Biotechnology & Bioprocess Engineering, Ostwestfalen-Lippe University of Applied Sciences and Arts, Lemgo, Germany.
Novartis Technical Research & Development, Sandoz GmbH, Langkampfen, Austria.
Biotechnol Bioeng. 2019 Nov;116(11):2944-2959. doi: 10.1002/bit.27125. Epub 2019 Sep 2.

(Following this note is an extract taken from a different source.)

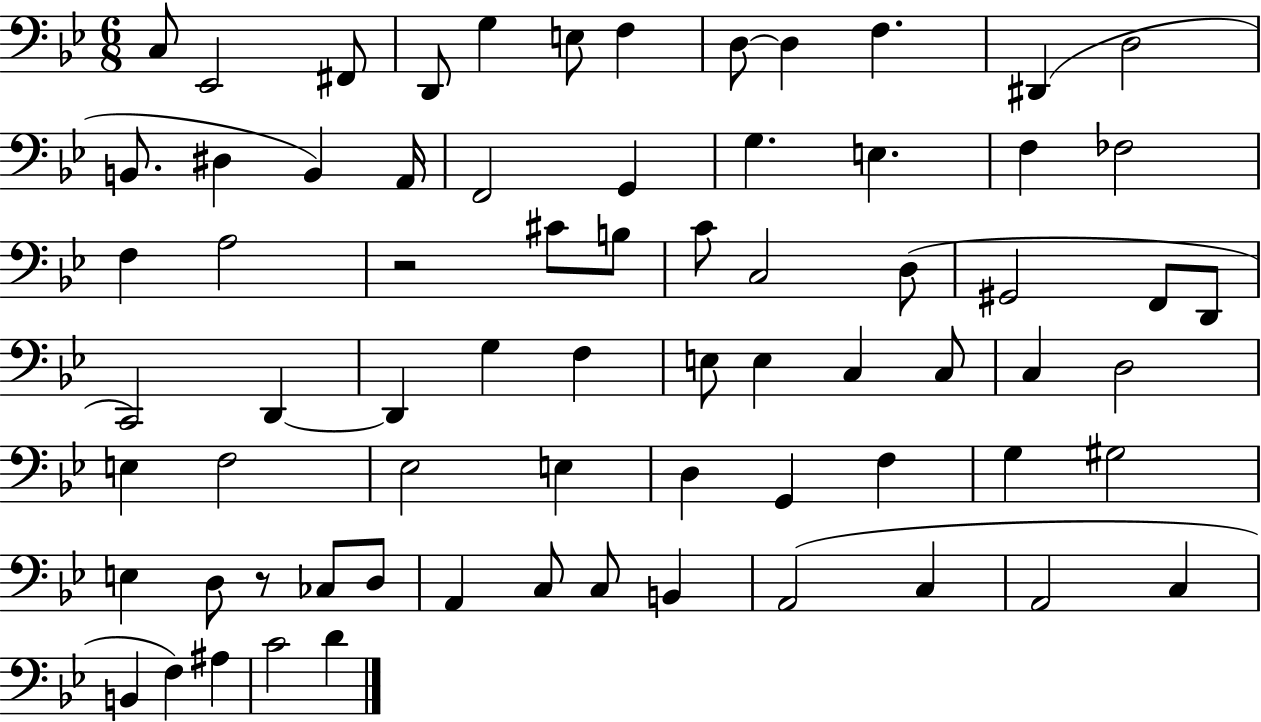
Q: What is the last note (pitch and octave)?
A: D4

For production of biopharmaceuticals in suspension cell culture, seed trains are required to increase cell number from cell thawing up to production scale. Because cultivation conditions during the seed train have a significant impact on cell performance in production scale, seed train design, monitoring, and development of optimization strategies is important. This can be facilitated by model-assisted prediction methods, whereby the performance depends on the prediction accuracy, which can be improved by inclusion of prior process knowledge, especially when only few high-quality data is available, and description of inference uncertainty, providing, apart from a "best fit"-prediction, information about the probable deviation in form of a prediction interval. This contribution illustrates the application of Bayesian parameter estimation and Bayesian updating for seed train prediction to an industrial Chinese hamster ovarian cell culture process, coppled with a mechanistic model. It is shown in which way prior knowledge as well as input uncertainty (e.g., concerning measurements) can be included and be propagated to predictive uncertainty. The impact of available information on prediction accuracy was investigated. It has been shown that through integration of new data by the Bayesian updating method, process variability (i.e., batch-to-batch) could be considered. The implementation was realized using a Markov chain Monte Carlo method.
对于悬浮细胞培养中的生物制药生产,需要种子批来增加细胞数量,从细胞解冻到生产规模。由于种子批培养条件对生产规模下的细胞性能有重大影响,因此种子批设计、监测和优化策略的开发非常重要。这可以通过模型辅助预测方法来实现,其中性能取决于预测准确性,可以通过包含先前的过程知识来提高,特别是当只有很少的高质量数据可用时,并描述推理不确定性,除了“最佳拟合”预测外,还提供关于可能偏差的信息,形式为预测区间。本贡献说明了贝叶斯参数估计和贝叶斯更新在种子批预测中的应用,用于与机械模型耦合的工业中国仓鼠卵巢细胞培养过程。展示了如何包含先验知识和输入不确定性(例如,关于测量),并将其传播到预测不确定性中。还调查了可用信息对预测准确性的影响。已经表明,通过贝叶斯更新方法集成新数据,可以考虑过程变异性(即批间差异)。该实现使用了马尔可夫链蒙特卡罗方法。